- **GIVEN INFORMATION**
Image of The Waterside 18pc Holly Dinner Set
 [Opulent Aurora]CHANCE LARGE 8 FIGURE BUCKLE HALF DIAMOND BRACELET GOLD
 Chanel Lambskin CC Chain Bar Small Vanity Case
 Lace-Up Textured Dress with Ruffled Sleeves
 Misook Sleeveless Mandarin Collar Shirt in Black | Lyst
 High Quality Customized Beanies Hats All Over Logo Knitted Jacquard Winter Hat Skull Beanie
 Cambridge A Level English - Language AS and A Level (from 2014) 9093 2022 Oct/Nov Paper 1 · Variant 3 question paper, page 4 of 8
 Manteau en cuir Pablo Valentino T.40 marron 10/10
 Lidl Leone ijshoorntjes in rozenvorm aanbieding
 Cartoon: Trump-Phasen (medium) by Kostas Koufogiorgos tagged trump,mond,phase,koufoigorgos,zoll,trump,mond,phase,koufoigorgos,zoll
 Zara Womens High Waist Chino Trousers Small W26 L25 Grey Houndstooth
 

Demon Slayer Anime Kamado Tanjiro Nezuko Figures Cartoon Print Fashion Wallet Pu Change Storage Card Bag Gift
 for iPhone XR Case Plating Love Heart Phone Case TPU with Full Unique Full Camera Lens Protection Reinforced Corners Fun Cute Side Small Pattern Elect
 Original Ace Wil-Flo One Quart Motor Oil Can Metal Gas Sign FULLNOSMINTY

- **EXERCISE AIM**
What you should produce is an exact restatement of all the material.

- **WRITTEN ANSWER**
Image of The Waterside 18pc Holly Dinner Set
 [Opulent Aurora]CHANCE LARGE 8 FIGURE BUCKLE HALF DIAMOND BRACELET GOLD
 Chanel Lambskin CC Chain Bar Small Vanity Case
 Lace-Up Textured Dress with Ruffled Sleeves
 Misook Sleeveless Mandarin Collar Shirt in Black | Lyst
 High Quality Customized Beanies Hats All Over Logo Knitted Jacquard Winter Hat Skull Beanie
 Cambridge A Level English - Language AS and A Level (from 2014) 9093 2022 Oct/Nov Paper 1 · Variant 3 question paper, page 4 of 8
 Manteau en cuir Pablo Valentino T.40 marron 10/10
 Lidl Leone ijshoorntjes in rozenvorm aanbieding
 Cartoon: Trump-Phasen (medium) by Kostas Koufogiorgos tagged trump,mond,phase,koufoigorgos,zoll,trump,mond,phase,koufoigorgos,zoll
 Zara Womens High Waist Chino Trousers Small W26 L25 Grey Houndstooth
 

Demon Slayer Anime Kamado Tanjiro Nezuko Figures Cartoon Print Fashion Wallet Pu Change Storage Card Bag Gift
 for iPhone XR Case Plating Love Heart Phone Case TPU with Full Unique Full Camera Lens Protection Reinforced Corners Fun Cute Side Small Pattern Elect
 Original Ace Wil-Flo One Quart Motor Oil Can Metal Gas Sign FULLNOSMINTY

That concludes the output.